# EXERCISE DESCRIPTION:
Once you reach the line containing "Schemat bezpieczników Toyota", reproduce it and every later line exactly, through the end of the data.

# RAW DATA:
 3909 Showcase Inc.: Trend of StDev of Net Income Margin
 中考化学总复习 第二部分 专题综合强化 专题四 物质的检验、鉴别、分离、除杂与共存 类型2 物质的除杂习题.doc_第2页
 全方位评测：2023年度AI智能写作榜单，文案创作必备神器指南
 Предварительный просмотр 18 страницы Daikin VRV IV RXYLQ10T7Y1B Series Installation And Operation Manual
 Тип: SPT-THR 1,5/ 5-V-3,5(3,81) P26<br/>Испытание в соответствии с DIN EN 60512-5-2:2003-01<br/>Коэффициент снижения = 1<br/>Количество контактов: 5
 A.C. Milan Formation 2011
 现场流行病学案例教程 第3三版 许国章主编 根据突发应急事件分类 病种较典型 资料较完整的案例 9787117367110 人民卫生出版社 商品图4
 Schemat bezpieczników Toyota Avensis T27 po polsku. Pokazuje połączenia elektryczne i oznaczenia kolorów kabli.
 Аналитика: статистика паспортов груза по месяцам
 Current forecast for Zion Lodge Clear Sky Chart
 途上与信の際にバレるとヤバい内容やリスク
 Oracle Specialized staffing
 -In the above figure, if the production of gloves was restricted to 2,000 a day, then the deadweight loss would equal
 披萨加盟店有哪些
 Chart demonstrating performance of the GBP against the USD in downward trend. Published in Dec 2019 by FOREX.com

# EXERCISE RESPONSE:
 Schemat bezpieczników Toyota Avensis T27 po polsku. Pokazuje połączenia elektryczne i oznaczenia kolorów kabli.
 Аналитика: статистика паспортов груза по месяцам
 Current forecast for Zion Lodge Clear Sky Chart
 途上与信の際にバレるとヤバい内容やリスク
 Oracle Specialized staffing
 -In the above figure, if the production of gloves was restricted to 2,000 a day, then the deadweight loss would equal
 披萨加盟店有哪些
 Chart demonstrating performance of the GBP against the USD in downward trend. Published in Dec 2019 by FOREX.com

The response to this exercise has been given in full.